ABSTRACT
The interest in sports performance analysis is rising and tracking data holds high potential for game analysis in team sports due to its accuracy and informative content. Together with machine learning approaches one can obtain deeper and more objective insights into the performance structure. In soccer, the analysis of the defense was neglected in comparison to the offense. Therefore, the aim of this study is to predict ball gains in defense using tracking data to identify tactical variables that drive defensive success. We evaluated tracking data of 153 games of German Bundesliga season 2020/21. With it, we derived player (defensive pressure, distance to the ball, & velocity) and team metrics (inter-line distances, numerical superiority, surface area, & spread) each containing a tactical idea.

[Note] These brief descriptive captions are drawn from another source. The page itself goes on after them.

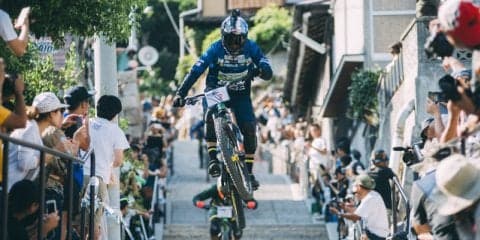 尾道の石階段を駆け下るホーリーライドで井手川直樹が2度目の優勝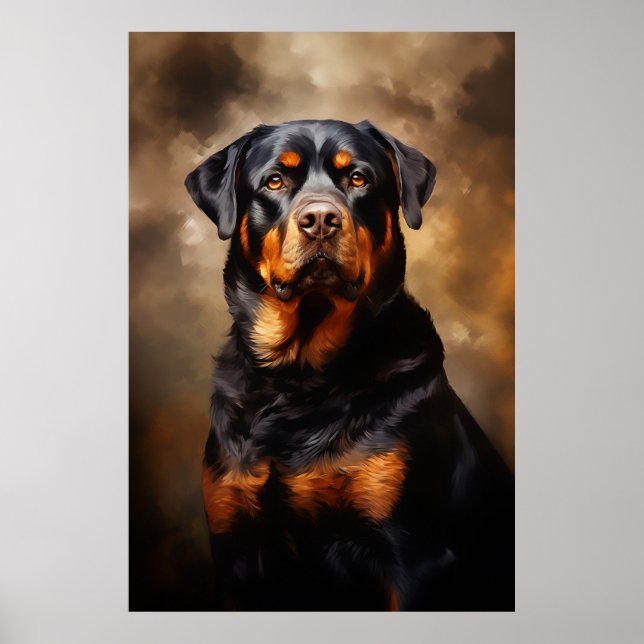 Poster Rottweiler (Devant)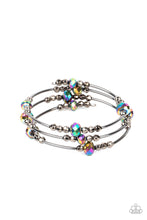Load image into Gallery viewer, Paparazzi Jewelry Bracelet Showy Shimmer - Multi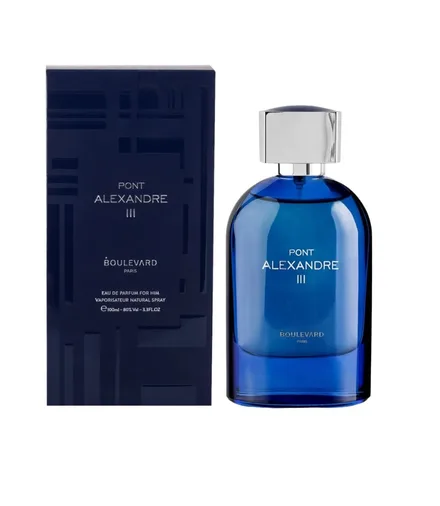 Boulevard Paris Pont Alexandre Iii Eau Parfum 100ml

Afterwards, we trained supervised machine learning classifiers (logistic regression, XGBoost, & Random Forest Classifier) to predict successful (ball gain) vs. unsuccessful defensive plays (no ball gain). The expert-reduction-model (Random Forest Classifier with 16 features) showed the best and satisfying prediction performance (F1-Score (test) = 0.57). Analyzing the most important input features of this model, we are able to identify tactical principles of defensive play that appear to be related to gaining the ball: press the ball leading player, create numerical superiority in areas close to the ball (press short pass options), compact organization of defending team. Those principles are highly interesting for practitioners to gain valuable insights in the tactical behavior of soccer players that may be related to the success of defensive play.
Acknowledgements
The authors thank the German Football League (Deutsche Fußball Liga, DFL) for providing the match data used in this study.
Disclosure statement
No potential conflict of interest was reported by the author(s).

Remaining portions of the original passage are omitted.